Relationships are based on compromise. Take me and my girlfriend for example: she's a Star Trek fan, whereas I prefer Doctor Who. Instead of arguing which show is better, I go out and sleep with other women while she stays at home watching her Gene Roddenberry crap-fest, wondering where I am. Works for us. (Well, me.) If you really want to save this relationship, however, another compromise would be to find a role where McKellan plays a character even more bad-ass than his turns in X-Men and Lord of the Rings. Might I suggest Richard III, or the Nazi-on-the-run in Apt Pupil? Those guys are seriously hard core. If you can't agree after that then there really is no hope for you both.
 
* * * * *
 
Dear Richard,

I heard a song on the radio this morning and it's been stuck in my head all day. What should I do?

- Frustrated, Kent

Richard says...

Sue the radio station and the record company. It's costly, but worth it. I took Mousse-T to court after "Horny" and he's now working in a kebab shop on the Uxbridge Road. Serves him right, the bastard.
 
* * * * *

Dear Richard,


I painted this for my mate Manuel in 1797:

 
Bit cheeky perhaps, but I was well chuffed with it. Everyone was so impressed with her saucy stare I even did a sequel where she's got her kit on. Anyway, imagine how pissed off I was when I found out Édouard Manet painted this in 1863:


Okay, she's lying the other way and he's put that woman in the background, but he's just copying me. She's even got the same 'come-to-bed' look on her face. I've tried having it out with Édouard, but he just spouts a load of bollocks in French. I don't know what to do and it's doing my head in.

- F. Goya, Madrid
 
Richard says...
 
There's a fine line between homage and grand larceny, but it strikes me you're being a little unreasonable here. I don't doubt that you're an accomplished and influential artist, but are you sure it's your painting Manet's copying? Just take a look at this little number from 1538:


Notice the maids in the background, the floral motif and the way Venus is covering her thatch? I'd say it's more likely that Manet took his inspiration from Titian. For the sake of balance, though, check out how the subject gazes lustfully towards the viewer... Perhaps your painting isn't as original as you thought it was? I think you should take comfort in being part of the grand tradition in Western art of depicting naked chicks in all their beauty and splendour.
 
* * * * * 

Dear Richard,

I like to wear t-shirts with funny messages on them such as
"JESUS IS COMING - LOOK BUSY!" and "NOBODY KNOWS I'M A LESBIAN". I think they're hilarious, but no one else seems to find them even remotely amusing.
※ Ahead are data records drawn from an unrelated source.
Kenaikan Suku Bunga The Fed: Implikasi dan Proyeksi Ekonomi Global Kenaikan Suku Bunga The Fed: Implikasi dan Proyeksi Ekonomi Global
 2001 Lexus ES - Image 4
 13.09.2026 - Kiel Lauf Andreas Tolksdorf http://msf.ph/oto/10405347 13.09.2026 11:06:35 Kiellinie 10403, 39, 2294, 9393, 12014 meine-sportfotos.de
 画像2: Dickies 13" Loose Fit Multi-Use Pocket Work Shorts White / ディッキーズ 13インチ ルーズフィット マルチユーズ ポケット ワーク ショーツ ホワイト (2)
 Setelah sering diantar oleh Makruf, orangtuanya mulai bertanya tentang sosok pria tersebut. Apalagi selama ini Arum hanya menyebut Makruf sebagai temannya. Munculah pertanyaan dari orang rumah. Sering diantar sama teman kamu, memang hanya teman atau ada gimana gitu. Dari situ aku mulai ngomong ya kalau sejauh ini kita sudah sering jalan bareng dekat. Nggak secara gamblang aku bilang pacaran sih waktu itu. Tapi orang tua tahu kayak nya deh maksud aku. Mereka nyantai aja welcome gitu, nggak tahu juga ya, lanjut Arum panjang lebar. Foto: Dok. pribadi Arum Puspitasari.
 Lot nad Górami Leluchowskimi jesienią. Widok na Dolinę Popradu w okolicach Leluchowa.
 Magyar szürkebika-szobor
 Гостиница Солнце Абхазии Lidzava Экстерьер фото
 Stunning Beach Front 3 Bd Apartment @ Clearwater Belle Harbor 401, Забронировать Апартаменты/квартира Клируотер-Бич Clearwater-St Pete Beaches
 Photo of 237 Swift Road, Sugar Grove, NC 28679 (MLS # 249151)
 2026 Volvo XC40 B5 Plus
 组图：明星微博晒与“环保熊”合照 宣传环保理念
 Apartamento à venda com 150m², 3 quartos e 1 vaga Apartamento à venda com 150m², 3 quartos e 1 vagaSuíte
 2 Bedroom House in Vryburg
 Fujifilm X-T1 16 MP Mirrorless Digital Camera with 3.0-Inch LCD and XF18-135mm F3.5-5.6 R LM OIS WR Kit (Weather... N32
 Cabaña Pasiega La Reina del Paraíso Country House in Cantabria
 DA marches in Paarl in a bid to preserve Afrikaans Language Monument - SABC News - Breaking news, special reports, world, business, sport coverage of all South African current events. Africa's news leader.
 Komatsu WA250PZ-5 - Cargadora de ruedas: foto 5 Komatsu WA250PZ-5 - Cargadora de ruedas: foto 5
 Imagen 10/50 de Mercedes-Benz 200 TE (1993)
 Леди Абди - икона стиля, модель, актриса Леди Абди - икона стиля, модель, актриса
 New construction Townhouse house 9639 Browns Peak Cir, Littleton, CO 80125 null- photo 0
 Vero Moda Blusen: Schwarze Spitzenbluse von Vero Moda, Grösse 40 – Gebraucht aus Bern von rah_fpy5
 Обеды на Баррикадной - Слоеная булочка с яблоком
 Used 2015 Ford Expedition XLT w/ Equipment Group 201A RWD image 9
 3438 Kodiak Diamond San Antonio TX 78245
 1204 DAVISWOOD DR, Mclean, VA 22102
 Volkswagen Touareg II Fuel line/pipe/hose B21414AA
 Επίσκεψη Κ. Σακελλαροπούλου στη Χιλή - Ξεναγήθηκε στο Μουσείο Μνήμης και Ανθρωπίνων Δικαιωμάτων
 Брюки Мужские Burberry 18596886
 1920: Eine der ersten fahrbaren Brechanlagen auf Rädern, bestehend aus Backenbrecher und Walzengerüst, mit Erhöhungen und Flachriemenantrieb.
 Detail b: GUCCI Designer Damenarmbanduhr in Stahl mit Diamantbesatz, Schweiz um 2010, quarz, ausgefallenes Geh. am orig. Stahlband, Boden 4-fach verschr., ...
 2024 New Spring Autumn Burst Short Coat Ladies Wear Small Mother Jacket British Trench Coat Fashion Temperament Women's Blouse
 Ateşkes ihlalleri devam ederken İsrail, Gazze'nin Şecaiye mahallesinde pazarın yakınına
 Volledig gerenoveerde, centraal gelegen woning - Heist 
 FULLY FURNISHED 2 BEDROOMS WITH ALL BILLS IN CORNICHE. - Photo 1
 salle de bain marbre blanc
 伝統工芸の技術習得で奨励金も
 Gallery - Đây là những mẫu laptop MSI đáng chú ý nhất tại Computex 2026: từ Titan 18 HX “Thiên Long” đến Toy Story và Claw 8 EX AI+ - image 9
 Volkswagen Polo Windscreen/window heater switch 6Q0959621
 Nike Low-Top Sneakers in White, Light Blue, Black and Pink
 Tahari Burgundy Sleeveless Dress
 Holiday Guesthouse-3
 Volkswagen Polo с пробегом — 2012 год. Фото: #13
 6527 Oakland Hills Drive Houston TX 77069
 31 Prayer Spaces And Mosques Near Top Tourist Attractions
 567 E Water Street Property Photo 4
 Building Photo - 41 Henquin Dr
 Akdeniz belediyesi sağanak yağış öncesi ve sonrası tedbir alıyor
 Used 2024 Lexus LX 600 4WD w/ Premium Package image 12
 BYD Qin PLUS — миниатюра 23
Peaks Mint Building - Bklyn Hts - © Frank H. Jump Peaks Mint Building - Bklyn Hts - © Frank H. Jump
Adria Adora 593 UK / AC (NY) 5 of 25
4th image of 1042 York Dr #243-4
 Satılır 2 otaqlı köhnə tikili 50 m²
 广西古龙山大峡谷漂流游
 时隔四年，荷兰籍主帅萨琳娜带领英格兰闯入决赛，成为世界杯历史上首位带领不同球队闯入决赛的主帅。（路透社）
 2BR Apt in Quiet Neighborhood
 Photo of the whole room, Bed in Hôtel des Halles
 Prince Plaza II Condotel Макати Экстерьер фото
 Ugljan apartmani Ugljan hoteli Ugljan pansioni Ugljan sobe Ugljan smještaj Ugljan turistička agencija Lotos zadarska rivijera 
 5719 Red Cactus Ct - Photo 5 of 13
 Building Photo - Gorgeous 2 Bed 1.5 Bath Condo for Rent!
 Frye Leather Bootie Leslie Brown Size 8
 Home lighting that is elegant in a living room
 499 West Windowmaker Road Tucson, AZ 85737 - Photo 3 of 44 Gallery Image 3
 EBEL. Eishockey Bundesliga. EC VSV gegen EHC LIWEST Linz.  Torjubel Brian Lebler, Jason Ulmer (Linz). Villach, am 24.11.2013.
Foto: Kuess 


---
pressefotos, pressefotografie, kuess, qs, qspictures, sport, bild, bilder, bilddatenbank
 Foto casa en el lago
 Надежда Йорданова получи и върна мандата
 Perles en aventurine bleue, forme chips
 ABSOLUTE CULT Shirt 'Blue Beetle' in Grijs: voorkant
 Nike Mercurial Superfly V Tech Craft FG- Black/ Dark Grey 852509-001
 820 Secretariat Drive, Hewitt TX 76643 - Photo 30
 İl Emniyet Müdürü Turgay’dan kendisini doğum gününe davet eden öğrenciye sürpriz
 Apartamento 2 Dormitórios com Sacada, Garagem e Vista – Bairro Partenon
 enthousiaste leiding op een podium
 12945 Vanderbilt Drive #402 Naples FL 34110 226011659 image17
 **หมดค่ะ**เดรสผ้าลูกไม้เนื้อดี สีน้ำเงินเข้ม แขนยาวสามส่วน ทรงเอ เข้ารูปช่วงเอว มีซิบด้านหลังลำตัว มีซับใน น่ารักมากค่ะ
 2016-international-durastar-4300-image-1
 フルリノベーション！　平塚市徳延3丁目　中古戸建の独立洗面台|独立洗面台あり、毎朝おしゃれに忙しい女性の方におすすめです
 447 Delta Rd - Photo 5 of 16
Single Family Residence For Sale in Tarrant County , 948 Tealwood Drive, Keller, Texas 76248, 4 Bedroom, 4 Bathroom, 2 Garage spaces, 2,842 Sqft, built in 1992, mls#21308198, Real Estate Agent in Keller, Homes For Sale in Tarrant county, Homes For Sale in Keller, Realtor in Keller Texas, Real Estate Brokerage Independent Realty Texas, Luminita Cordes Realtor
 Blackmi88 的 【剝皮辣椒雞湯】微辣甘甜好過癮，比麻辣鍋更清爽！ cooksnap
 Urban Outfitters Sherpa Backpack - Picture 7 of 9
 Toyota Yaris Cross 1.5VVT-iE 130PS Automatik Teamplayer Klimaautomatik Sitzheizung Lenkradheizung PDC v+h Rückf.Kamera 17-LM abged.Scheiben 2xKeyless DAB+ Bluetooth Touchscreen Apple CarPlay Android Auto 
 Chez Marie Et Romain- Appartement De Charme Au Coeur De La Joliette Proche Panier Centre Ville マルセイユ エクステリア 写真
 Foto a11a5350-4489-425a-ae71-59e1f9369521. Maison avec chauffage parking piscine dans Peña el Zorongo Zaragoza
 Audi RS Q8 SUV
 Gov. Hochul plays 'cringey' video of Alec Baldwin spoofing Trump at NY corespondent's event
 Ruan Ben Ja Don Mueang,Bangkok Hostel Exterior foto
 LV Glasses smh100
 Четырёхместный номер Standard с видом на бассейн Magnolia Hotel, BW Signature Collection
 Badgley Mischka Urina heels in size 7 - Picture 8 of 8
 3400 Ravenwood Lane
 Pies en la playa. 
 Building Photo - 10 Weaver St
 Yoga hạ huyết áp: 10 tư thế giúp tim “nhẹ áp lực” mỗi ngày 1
Should I stop wearing them?

- Confused, Peterborough

Richard says...

You wear these t-shirts because you want people to see you the way you see yourself: as a witty and charismatic individual spreading laughter and sunshine everywhere you go. Sadly, these t-shirts have the opposite effect and allow them to see you for what you really are: a pathetic attention-seeker whose desperate apparel compensates for your lack of personality. If you have even a shred of self-respect, I suggest you stop wearing them. Alternatively, you could take to wearing a baseball cap that simply says "TWAT" - at least that way you're being more honest with yourself.

* * * * *
Dear Richard,
I was a truly great movie actor back in the '70s, but then I did a lot of theatre work and my subsequent film performances have suffered. Now everyone describes me as a pretentious ham whose glory days are behind him. What can I do to make people recognise just how brilliant I was?
- A. Pacino, Los Angeles

Richard says...

Retire. NEXT-!

* * * * *

Dear Richard,

Will the mullet ever come back in fashion?

- Hopeful, Auckland

Richard says...

Not unless something goes desperately wrong with human civilization. Speaking of which...
 
* * * * *
Dear Richard,

I suffer from severe anxiety. Where would be the best place to hole up in a zombie apocalypse?

- Terrified, Reading

Richard says...

We all know from Night of the Living Dead that the cellar is the safest place when it comes to private residences. The only problem is you run the risk of having your head blown off by dumb yokels when they come looking for survivors. The mall in Dawn of the Dead seemed pretty secure until the bikers came, but it was more the self-alienating materialism and greed of the main characters that led to their inevitable downfall. I would suggest pursuing a career in science or the army because that way you might be selected to work in a top secret underground bunker, but if Day of the Dead has taught us anything it's that scientific and military minds don't mix. Actually, I think The Walking Dead has the solution: stay on the road and don't settle anywhere for too long. Complacency is a far greater threat than a whole shuffle of ravenous zombies. More important than anything, though, and I can't stress this enough, make sure you get on with the people you're stuck with in this desperate fight for survival. When the shit hits the fan I'll be too busy mating with Cate Blanchett to resolve your personal conflicts.
 
* * * * *
Dear Richard,

I'm a billionaire tycoon and currently standing as the Republican candidate for President of the United States. People say I have a boorish, insensitive personality and my domestic and foreign policies are deeply flawed. I'm not asking for advice, however, as I don't give a fuck what anyone thinks.

- D. Trump, New York

* * * * *

...And that's all we have time for, I'm afraid. Until we meet again: take care of each other.


Onwards, folks.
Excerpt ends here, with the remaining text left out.